# Vapnik-Chervonenkis class

Vapnik–Červonenkis class

Let $S$ be a set, ${\mathcal C}$ a collection of subsets of $S$ and $F$ a finite subset of $S$. Then ${\mathcal C}$ is said to shatter $F$ if for every subset $A$ of $F$ there is a set $C$ in ${\mathcal C}$ with $A = C \cap F$. If there is a largest, finite $k$ such that ${\mathcal C}$ shatters at least one set of cardinality $k$, then ${\mathcal C}$ is called a Vapnik–Chervonenkis class, or VC class, of sets and $S ( {\mathcal C} ) = k$ its Vapnik–Chervonenkis index.

Let $\Delta ^ {\mathcal C} ( F )$ be the number of different sets $C \cap F$ for $C \in {\mathcal C}$. Let $m ^ {\mathcal C} ( n )$ be the maximum of $\Delta ^ {\mathcal C} ( F )$ over all sets $F$ of cardinality $n$. Thus, ${\mathcal C}$ is a Vapnik–Chervonenkis class if and only if $m ^ {\mathcal C} ( n ) < 2 ^ {n}$ for some finite $n$, and then for all $n > S ( {\mathcal C} )$. Sauer's lemma says that

$$m ^ {\mathcal C} ( n ) \leq \sum _ {j = 0 } ^ { {S } ( {\mathcal C} ) } \left ( \begin{array}{c} n \\ j \end{array} \right ) .$$

Thus, $m ^ {\mathcal C} ( n )$ is either always $2 ^ {n}$ or, for a Vapnik–Chervonenkis class ${\mathcal C}$, it is bounded above by a polynomial in $n$ of degree $S ( {\mathcal C} )$. (This is the so-called Vapnik–Chervonenkis property: if $m ^ {\mathcal C} ( n ) < 2 ^ {n}$ for large $n$, then $m ^ {\mathcal C} ( n )$ is bounded by a polynomial.)

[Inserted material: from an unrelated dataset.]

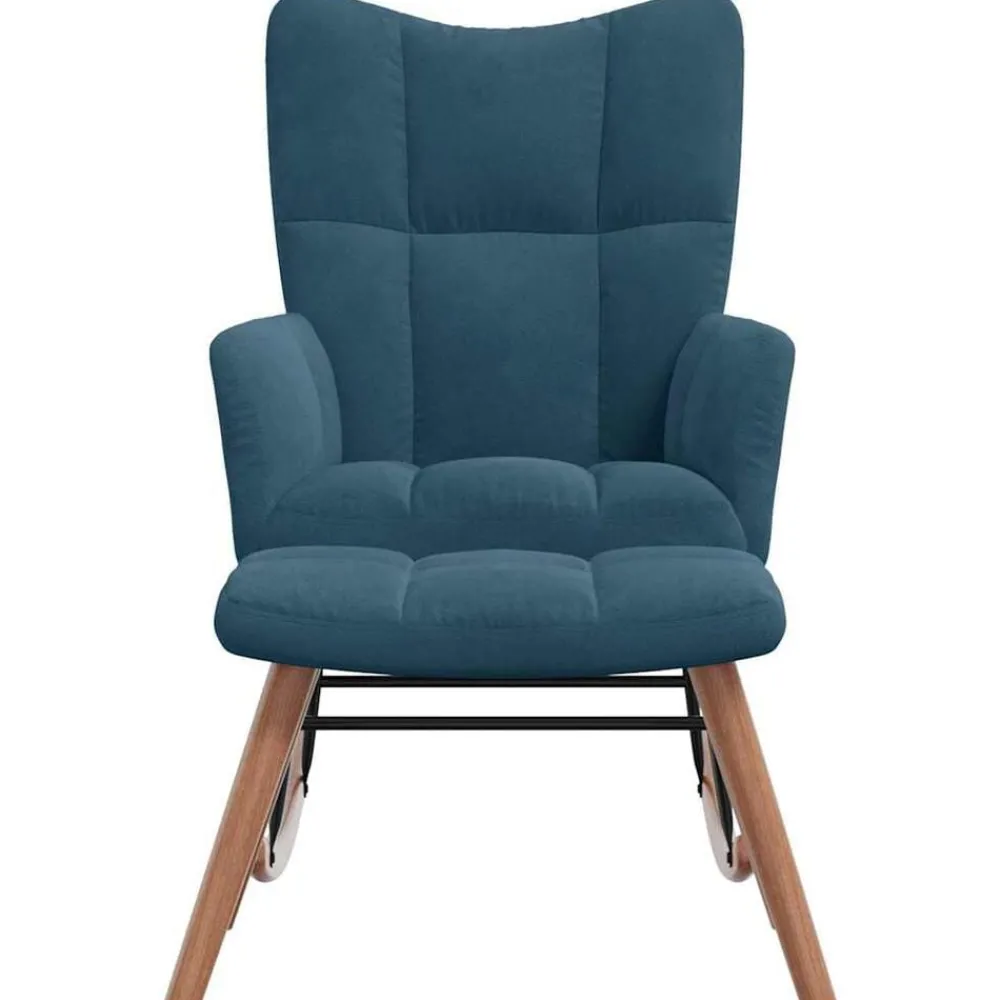 vidaXL Chaise à bascule avec tabouret en velours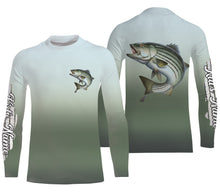 Load image into Gallery viewer, Striped Bass fishing Custom sun protection long sleeve fishing jersey, Striper fishing shirts NQS4050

Vapnik–Chervonenkis classes have turned out to be useful in computer science (learning theory [a1]), probability theory and mathematical statistics [a6], because certain probability limit theorems hold uniformly over them under suitable measurability conditions. One such sufficient measurability condition is that there exist a $\sigma$- algebra ${\mathcal S}$ of subsets of $S$, including ${\mathcal C}$, and a mapping $Y$ from a complete separable metric space $U$ onto ${\mathcal C}$ such that the set of pairs $( x,u )$ with $x \in Y ( u )$ is product-measurable in $S \times U$. A VC class ${\mathcal C}$ satisfying this last condition is called a VCM class. While VC, but not VCM, classes can be shown to exist using the axiom of choice, the VC classes usually encountered in applications are VCM.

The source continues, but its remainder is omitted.